I often wonder what it would be like to have a conversation with a person I feared would be sentenced to an eternity of horror.
Such a conversation would make me sad. It'd be like talking to a wrongly convicted death row inmate.
I'd ask them, "If your existence will be one of misery for thousands and thousands of years, why don't you take this short opportunity we call life to go crazy. Eat all you want, drink all you want - just go nuts, 24/7. Since things will be a lot better for me after I die, I'm going to rest up in preparation for all the good times and frivolity the afterlife will provide, so thankfully I don't have to live the rest of my life as if it were akin to a last meal."
I can't emphasize how pleasurable it is to talk to an individual about religion without fear that, if I don't convince him or her that my beliefs are correct, they'll forever rot in hell despite the fact that they're a person filled with decency and morality.
So let's examine what life would be like if religious people didn't believe in different outcomes for different faiths.

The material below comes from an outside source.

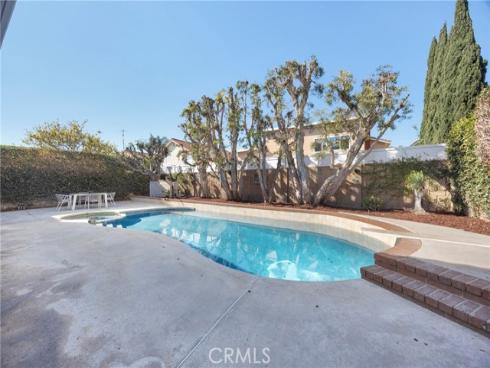 8841  Seaspray Drive  , Huntington Beach, CA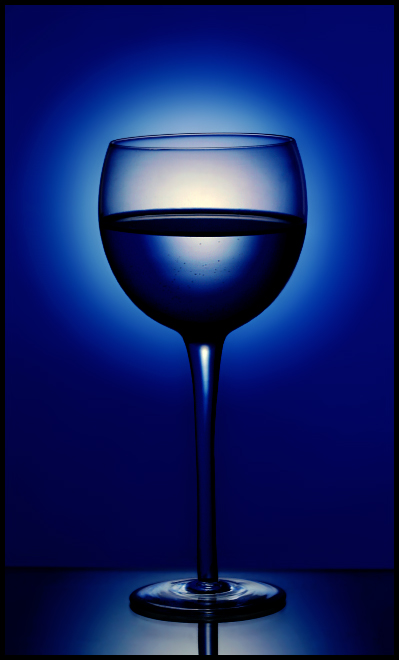 <b>5th Place</b><br>In the Spotlight<br><i>by Techo</i>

I think it's safe to say that church parking lots wouldn't be overflowing on Sunday mornings if nobody feared what's on the other side. Perhaps there would be no churches.
If only religious people claimed, "We think our god is the only true god. In fact, our god is so cool that if you don't believe he's the one true god, he'll still allow you to stay with him after your time on earth is through because he loves everybody. Not, 'loves everybody, but if you don't believe in him, will send you to hell, loves everybody,' rather, 'loves everybody, will let all humane persons bunk with him in the afterlife, loves everybody.'"
If that were the case, there would be no big three religions.
A few lost souls would still cling onto to Jim Jones type individuals promising a heaven beyond their wildest expectations, but the people content with life would make the decision to only concentrate on the things over which they have control.
They would focus on enjoying life, helping others, and studying historically accurate facts.
They would think, "If none of the proposed gods give a flying whit whether or not I believe in him, yet one of them is actually the true god, it means he probably wants me to focus on how I can benefit humanity instead of racking my brain in search of answers to questions I can't comprehend."
From the beginning it was never about the truth; it's always been about control.
Throughout history, the church elders have never really cared what you believed; they only cared that you followed their life instructions to a tee. I'm sure a few higher-ups were believers, but regardless of their thoughts on god and his teachings, their main objective was to control your life.
Unless you were convinced at young age to believe such a tale was factual, wouldn't you consider fishy a story about a man saying to another man, "Should you choose not to believe in the god I insist is the only real god, and should you choose not to live exactly as I say, based on said god's specific instructions as previously relayed to me, he will not welcome you into his kingdom of perfection."?
If that wasn't fishy enough, the stranger would then list contradictory rules with seemingly no standards.
But in simpler times such stories must have seemed plausible, because religion grew and grew.
Had ancient people enough sense to reject these so-called human conduits to god, millions of people who devoted their lives to destroying other religions could have focused on the betterment of all mankind, leading to a superior world.